● **What is being asked**: Each entry below should appear again exactly as written, without pictures.
- Opening Delimiter -
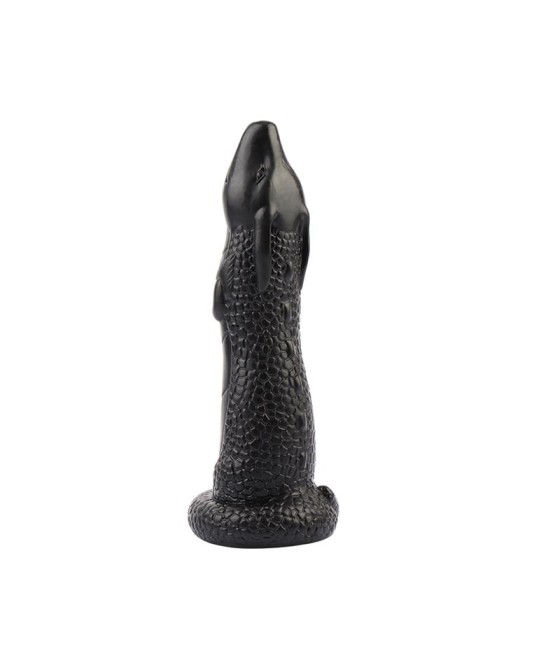 Dildo Wyrm Baiser 195 cm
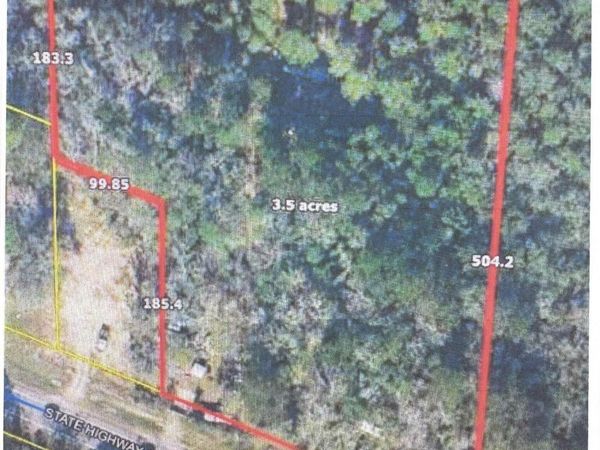 1060/1102 W ST Hwy 20, Freeport, FL 32439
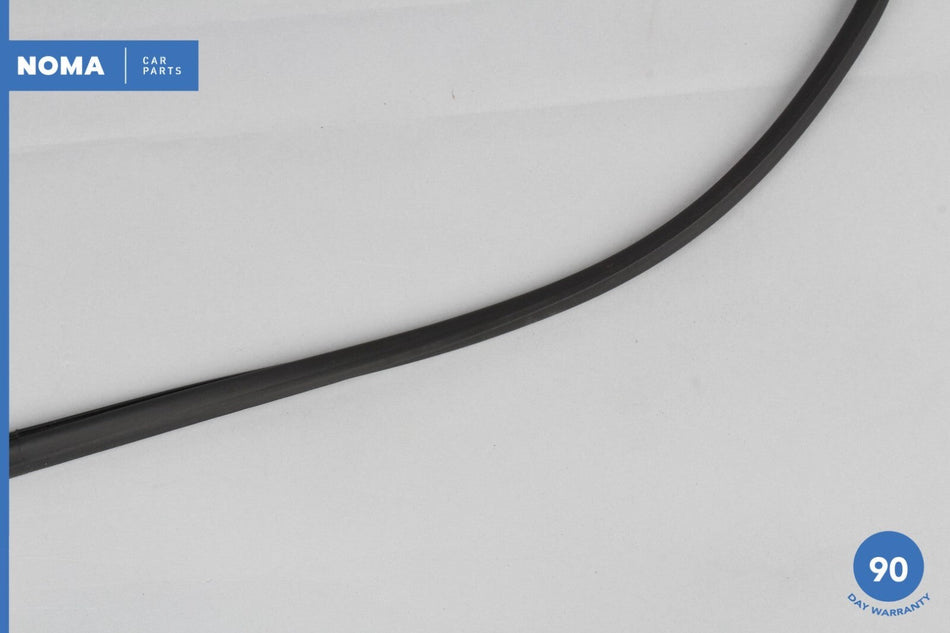 10-18 Jaguar XJL X351 LWB Panoramic Roof Seal Weather Strip AW93502A90BC OEM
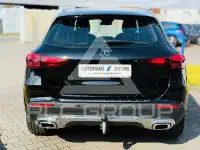 2024 Mercedes Benz GLA 200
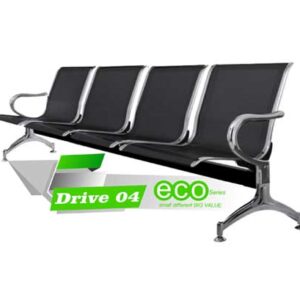 Kursi Tunggu Bandara Drive 04 Eco Series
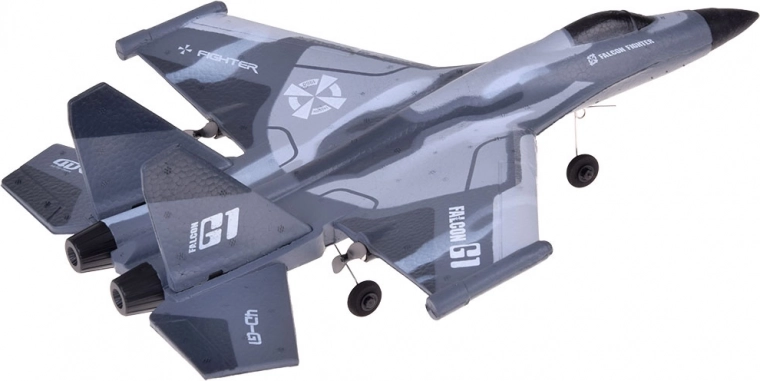 Leichte und robuste EPP-Konstruktion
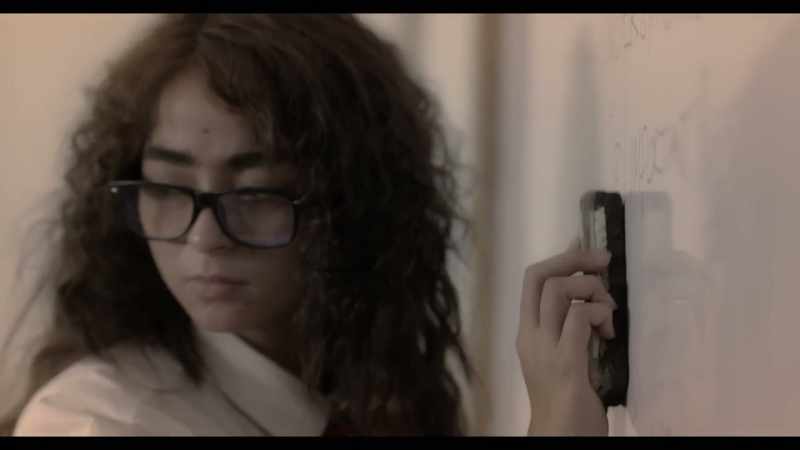 I endured everything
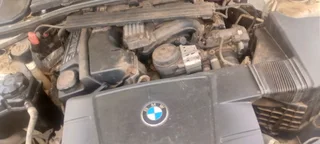 BMW E90 320i SPARE PARTS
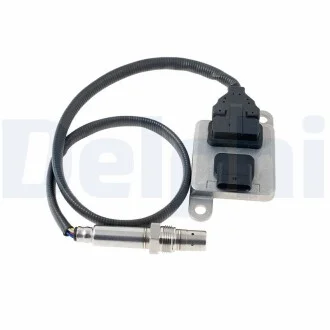 Датчик NOX MERCEDES "OM626/651/642 "09>> Delphi ANS102212B1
- Closing Delimiter -
● **Task answer**:
 Dildo Wyrm Baiser 195 cm
 1060/1102 W ST Hwy 20, Freeport, FL 32439
 10-18 Jaguar XJL X351 LWB Panoramic Roof Seal Weather Strip AW93502A90BC OEM
 2024 Mercedes Benz GLA 200
 Kursi Tunggu Bandara Drive 04 Eco Series
 Leichte und robuste EPP-Konstruktion
 I endured everything
 BMW E90 320i SPARE PARTS
 Датчик NOX MERCEDES "OM626/651/642 "09>> Delphi ANS102212B1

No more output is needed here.